Amy Heckerling and Alicia Silverstone Reunite for Vamps. Can It Live Up to Clueless?

Heckerling in April.

Photo by Stephen Lovekin/Getty Images

Film fanatics may yearn for the rare Paul Thomas Anderson, Terrence Malick, or Whit Stillman movie. But my director-to-pine-for has long been Amy Heckerling. Though she’s dabbled in silly fare, making European Vacation under the National Lampoon banner, and directing both Look Who’s Talking and Look Who’s Talking Too, Heckerling is justly famous for helming two of the best movies every made about young women on the verge of adulthood: Fast Times at Ridgemont High and Jane Austen-with-a-computerized-closet masterpiece Clueless. Both movies treated young adult way stations—like loss of virginity, or even getting dressed in the morning—as if they were seismic events. Heckerling recognized that in frivolity laid the road to maturity for her characters, and her movies.

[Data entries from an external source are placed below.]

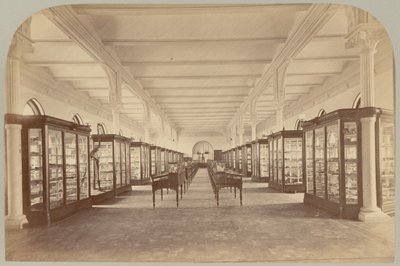 Pl. V. Piano superiore: Fossili da Victor Prevost, Gaston L. Feuardent and Co., New York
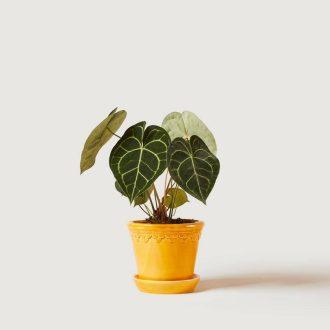 Philodendron tenue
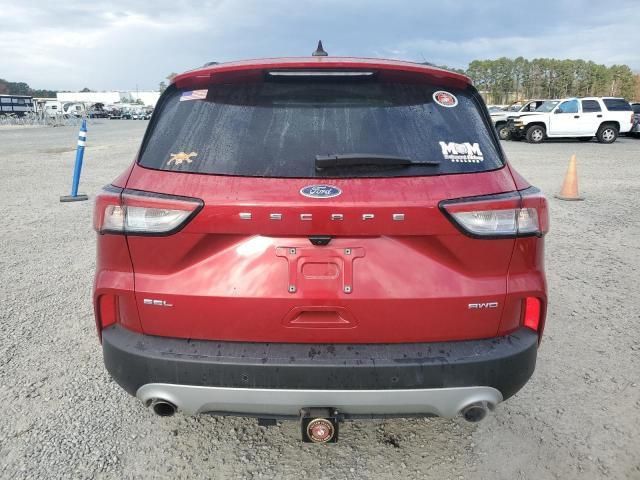 2022 Ford Escape SEL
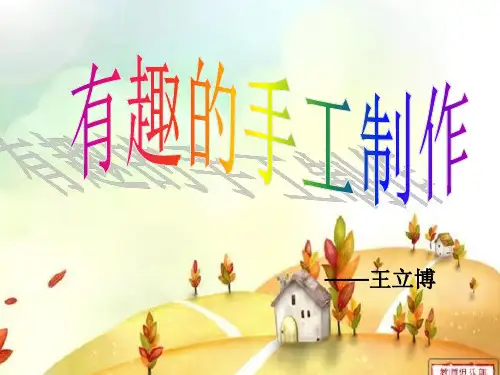 手工制作1 王立博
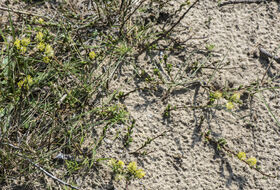 Foto Piet J. Ashouwer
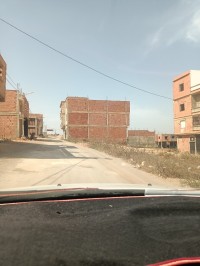 أرض-بيع-مستغانم-حاسي-مماش-الجزائر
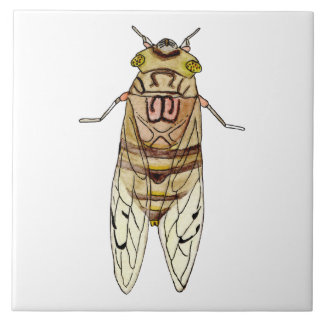 Azulejo de cigarra gigante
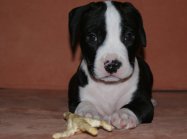 American staffordshire terrier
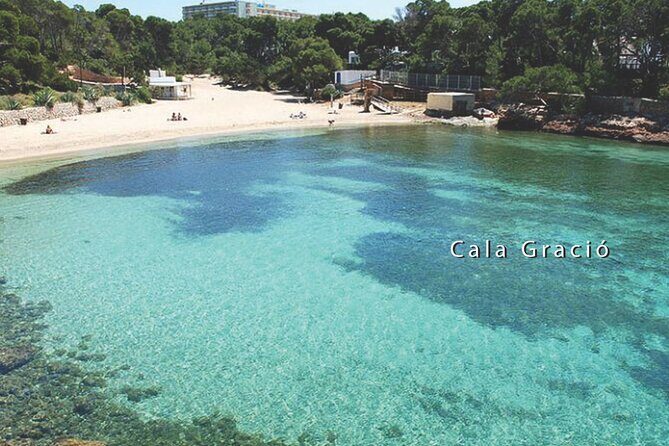 3h Private Cruise + Drinks, Snorkel & Paddle - Key Points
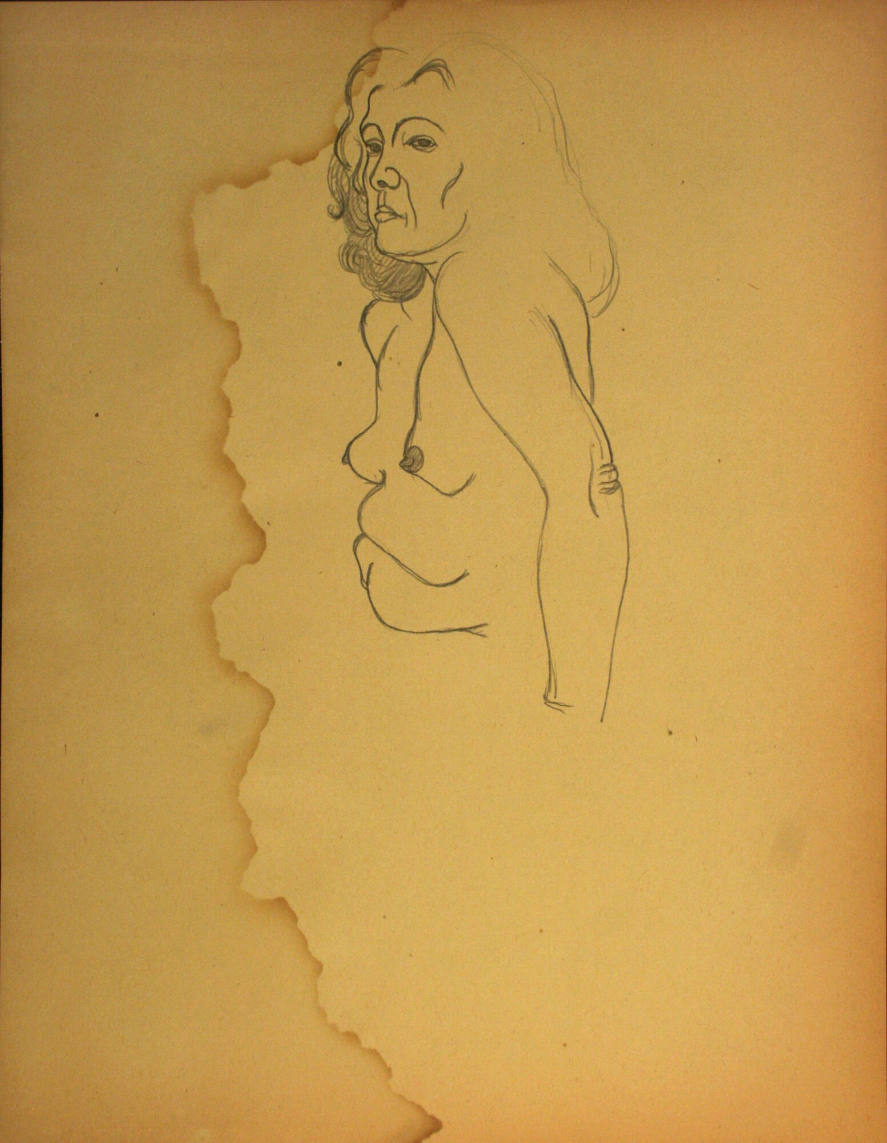 Nude woman's torso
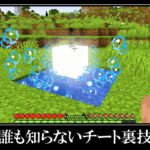 【衝撃】マイクラ上級者でも知らないチート裏技＆小ネタ１１選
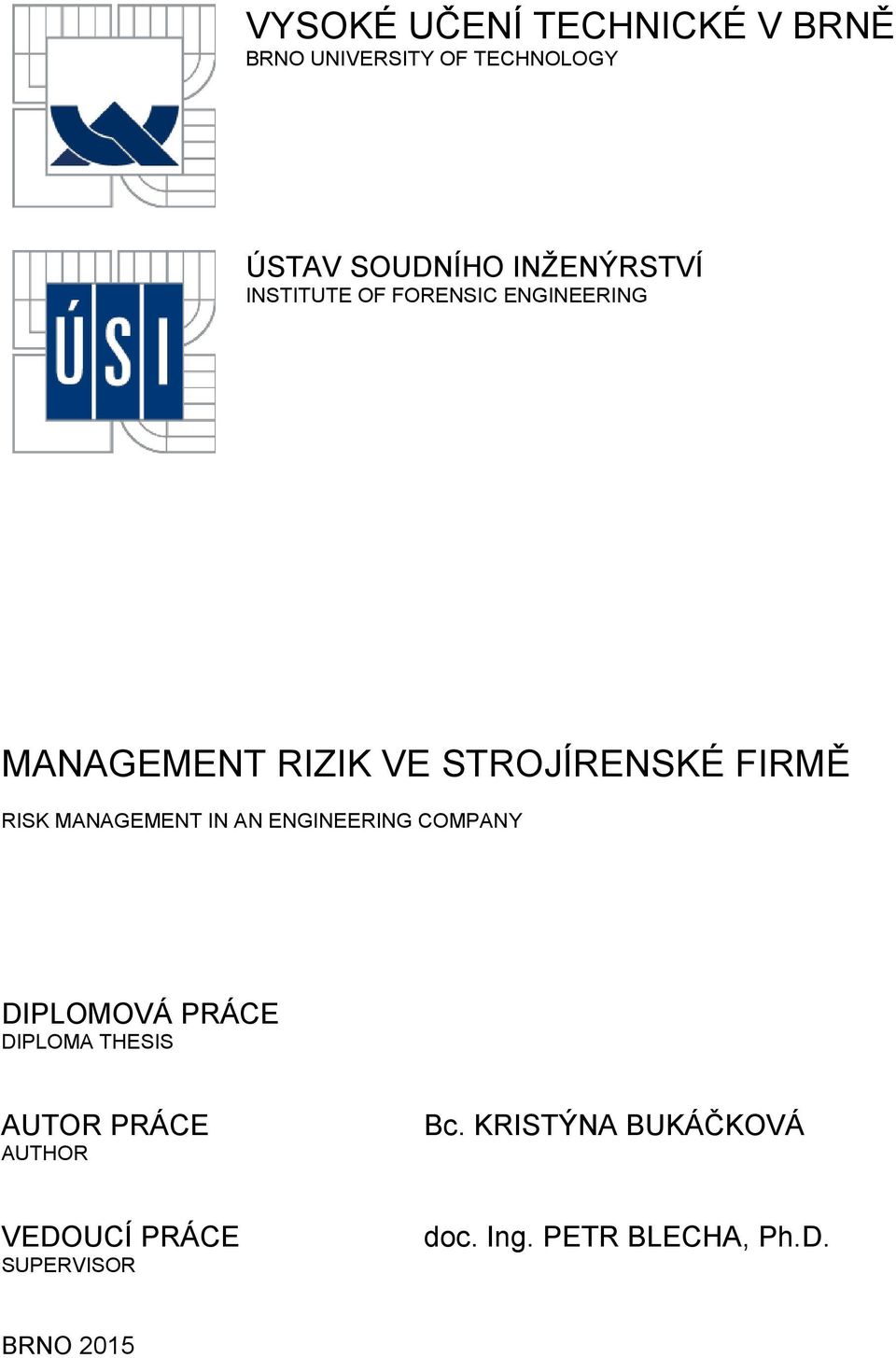 RISK MANAGEMENT IN AN ENGINEERING COMPANY DIPLOMOVÁ PRÁCE DIPLOMA THESIS AUTOR PRÁCE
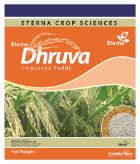 Eterna Dhruva Device mark 4174024 Trademark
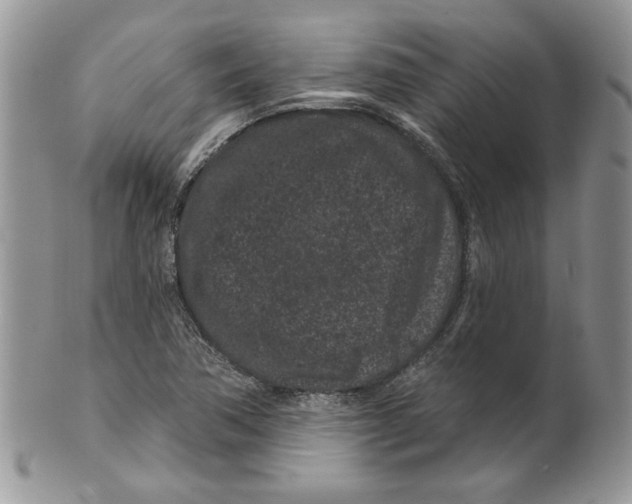 X0000099561362200806131225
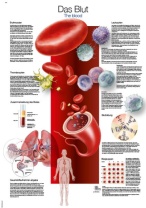 Lehrtafel Das Blut, 70x100cm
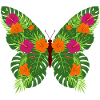 Tropical Butterfly of Leaves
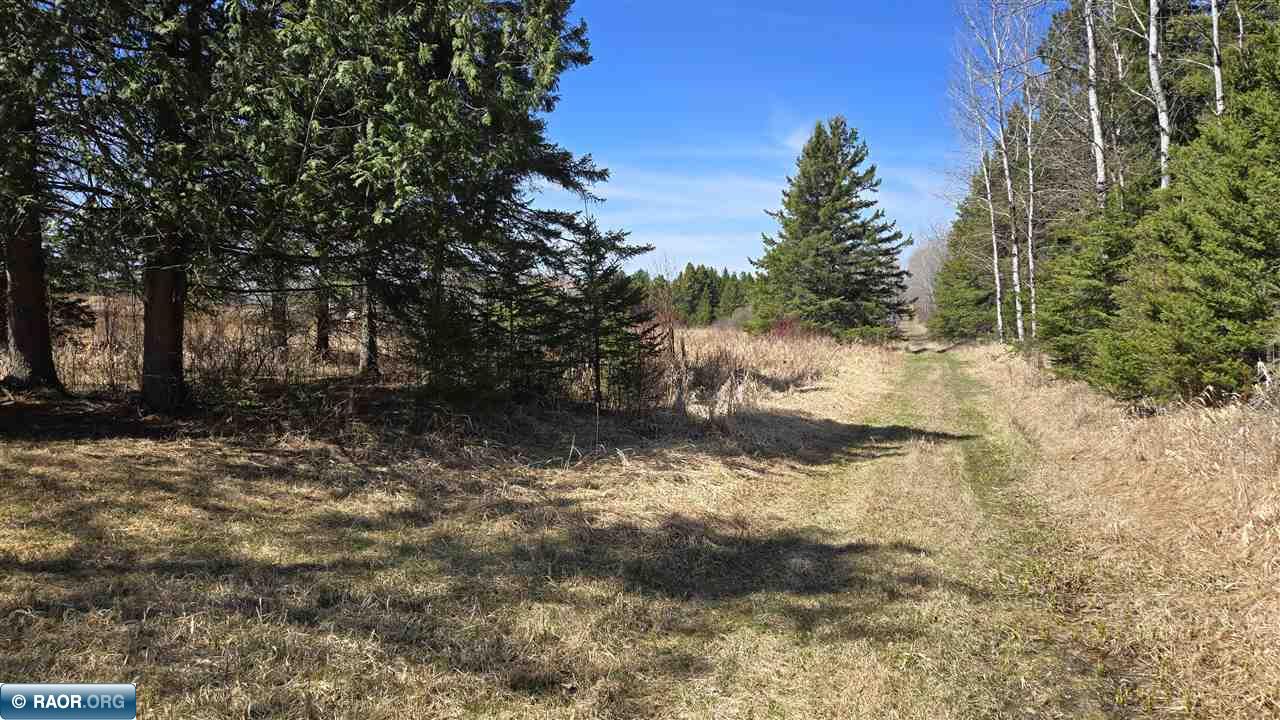 3293 South Greaney Road Orr, MN 55771 - Photo 13 of 17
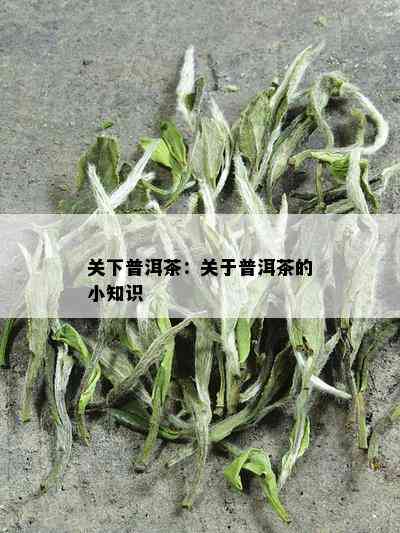 关下普洱茶：关于普洱茶的小知识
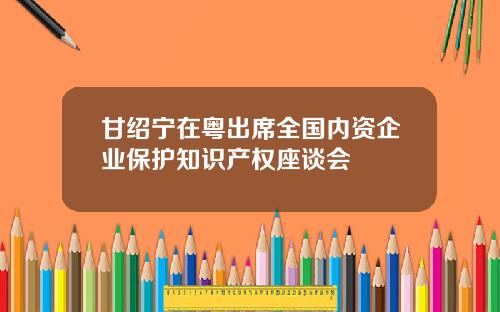 甘绍宁在粤出席全国内资企业保护知识产权座谈会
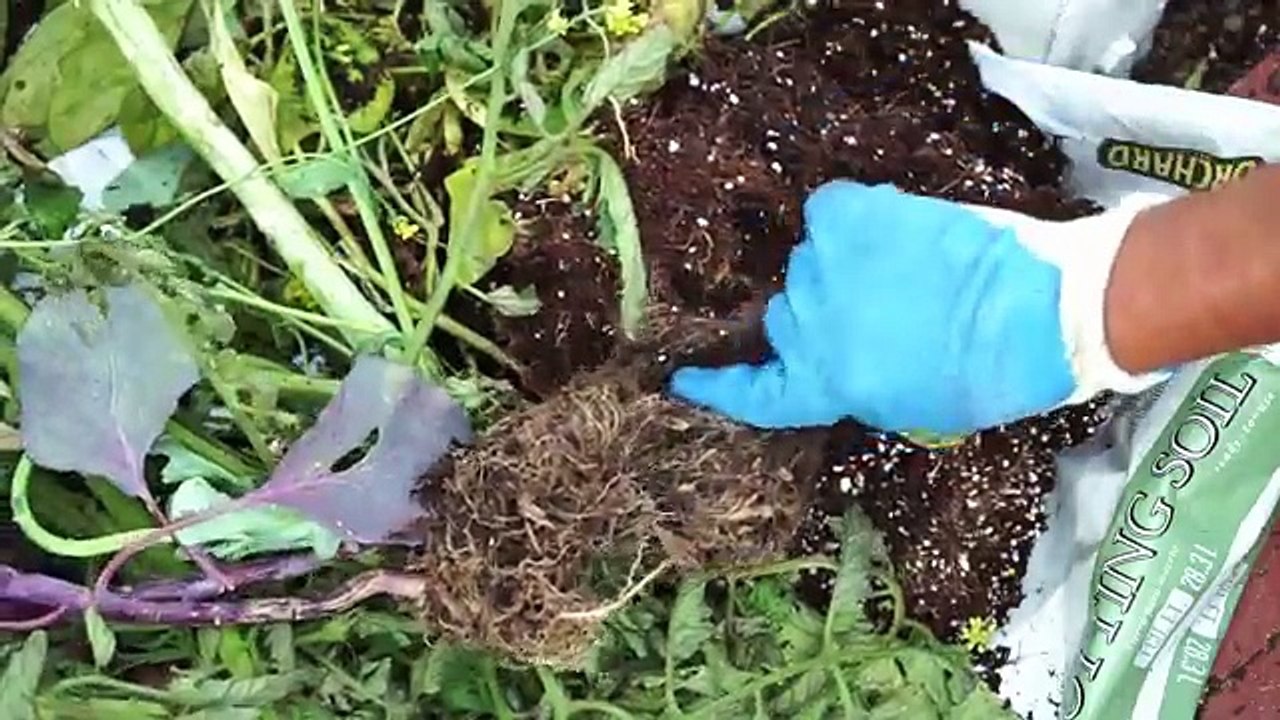 How To Make Compost - Easy Composting Tips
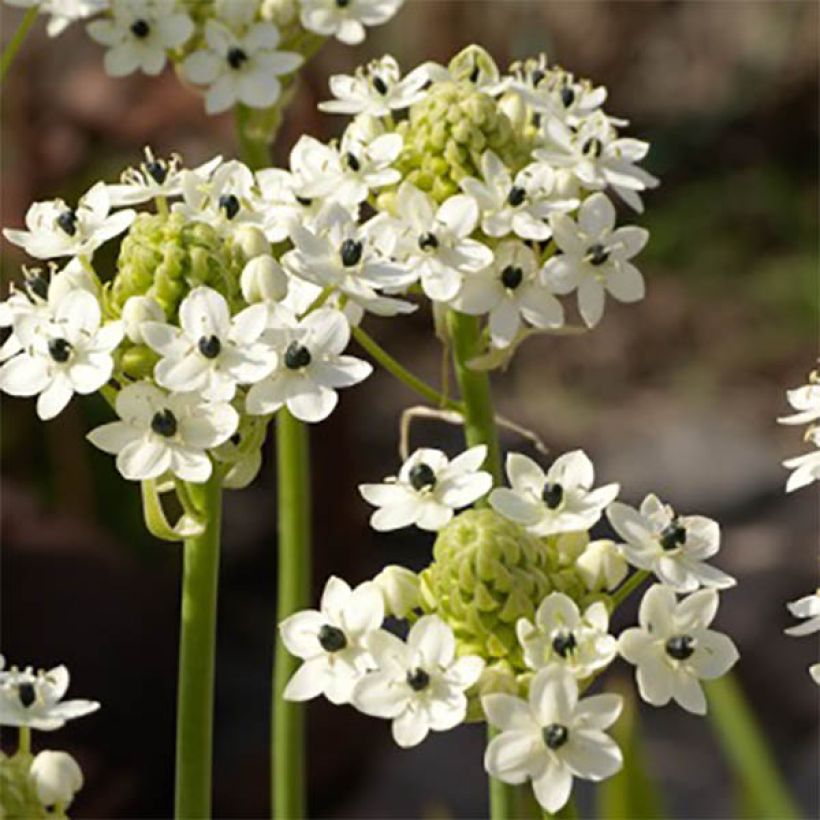 Ornithogalum saundersiae - Zapfenkopf (Flowering)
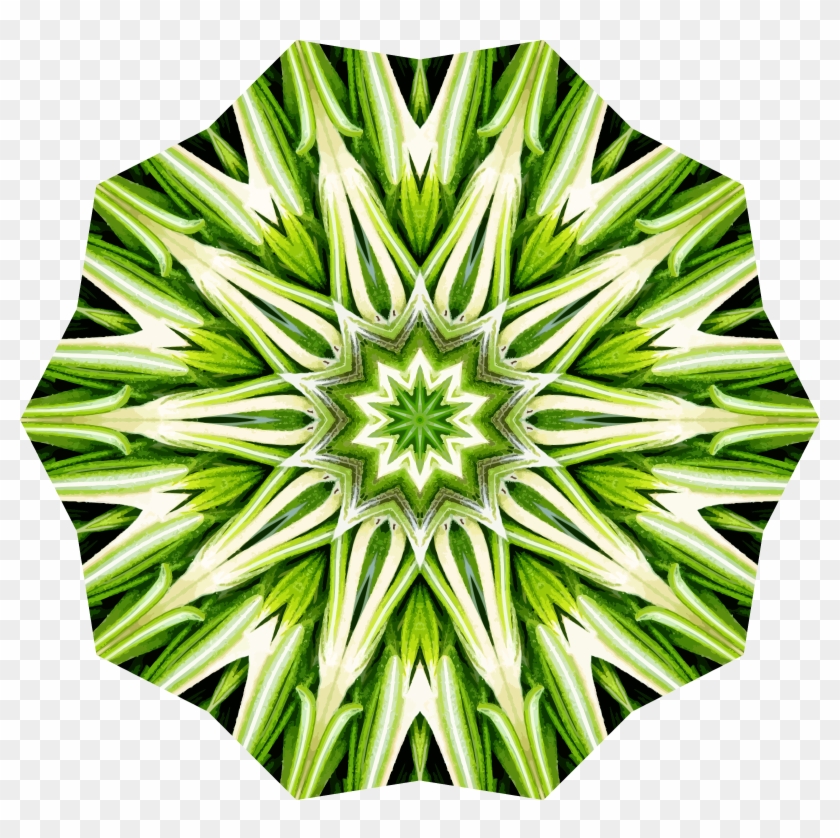 Rosemary Kaleidoscope 20 - Portable Network Graphics #719417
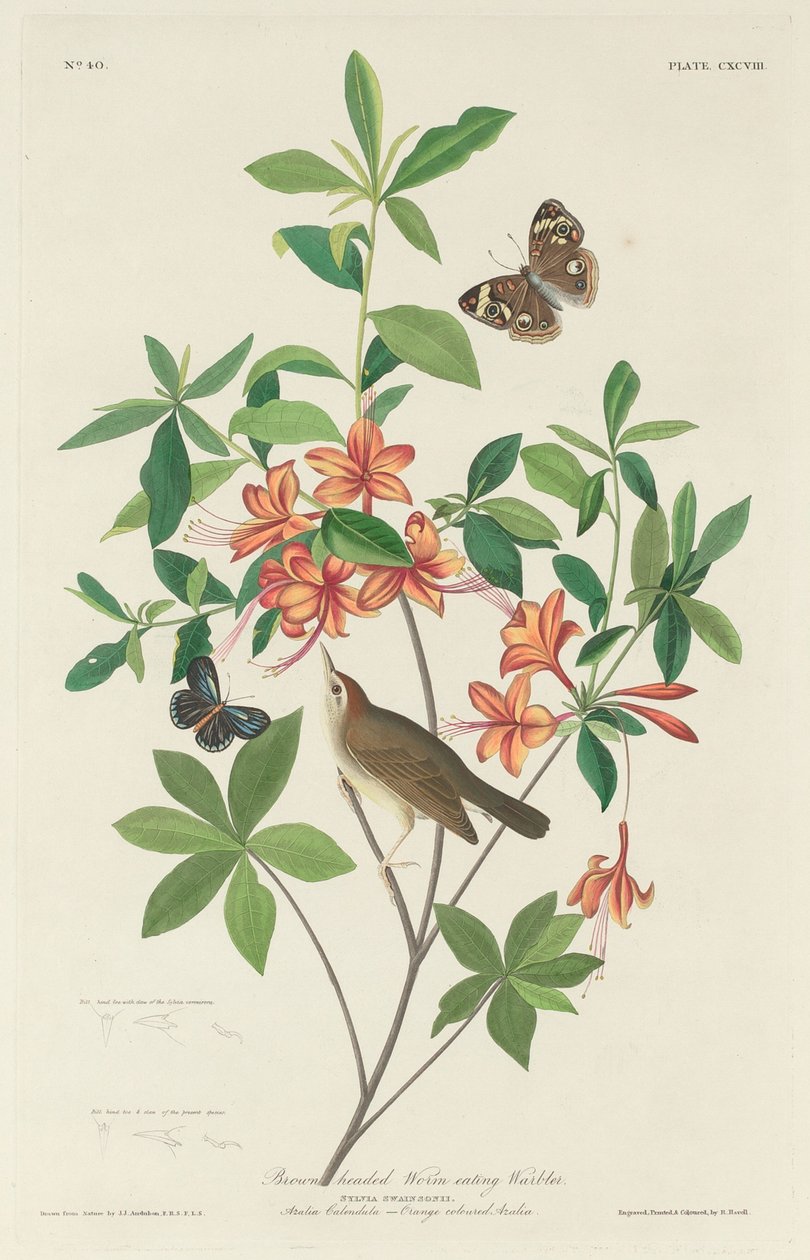 Brunhovedet Ormeædende Sanger af Robert Havell after John James Audubon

Which is why I’m so excited for this fall’s Vamps, Heckerling’s riff on the current vampire craze, which reunites her with Clueless force Alicia Silverstone, who stars with Krysten Ritter as a pair of vampire besties who are starting to get sick of New York’s singles scene:

Vampires have been benign as lambs in Twilight, power-mad in True Blood, and stricken by true love in The Vampire Diaries. But they’ve rarely been as silly as they look to be in Vamps, whether it’s Justin Kirk complaining about the Time Warner cable guys who just show up without regard for how sunlight will affect the vampires who need cable, too; Silverstone complaining about having coffin hair; or Dan Stevens, fresh off playing a noble in Downton Abbey, as a clueless Van Helsing in denial about the identity of his new girlfriend. In other hands, I might be skeptical about the light tone—who is going to finally come along and restore vampires to their true scariness? But Heckerling’s always been brilliant at recognizing that girls, dead or alive, just want to have fun— and that the best way to grow can be to learn from everything that comes out the universal silliness of youth.